# [WHAT IS REQUIRED]
Exact copy, pictures excluded: please retype the lines from the start of the material through the line containing "Aerial shot following", both ends included, and nothing more.

# [DATA PROVIDED]

* * *

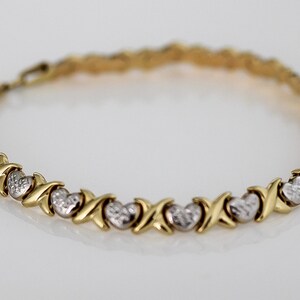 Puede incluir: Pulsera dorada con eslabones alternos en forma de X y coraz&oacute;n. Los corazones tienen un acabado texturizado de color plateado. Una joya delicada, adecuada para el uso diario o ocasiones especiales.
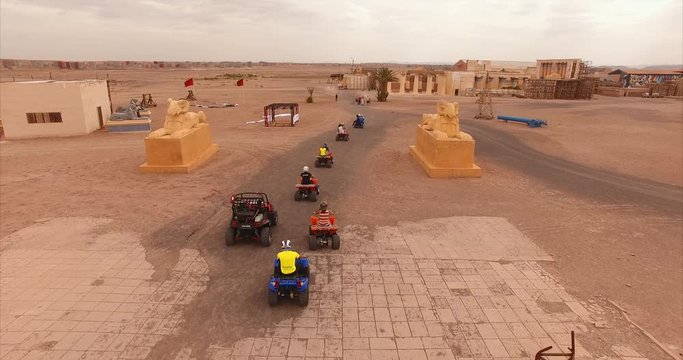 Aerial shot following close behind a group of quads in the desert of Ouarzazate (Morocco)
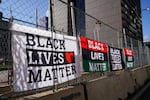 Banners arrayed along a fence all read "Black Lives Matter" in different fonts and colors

* * *

# [ANSWER BELOW]
 Puede incluir: Pulsera dorada con eslabones alternos en forma de X y coraz&oacute;n. Los corazones tienen un acabado texturizado de color plateado. Una joya delicada, adecuada para el uso diario o ocasiones especiales.
 Aerial shot following close behind a group of quads in the desert of Ouarzazate (Morocco)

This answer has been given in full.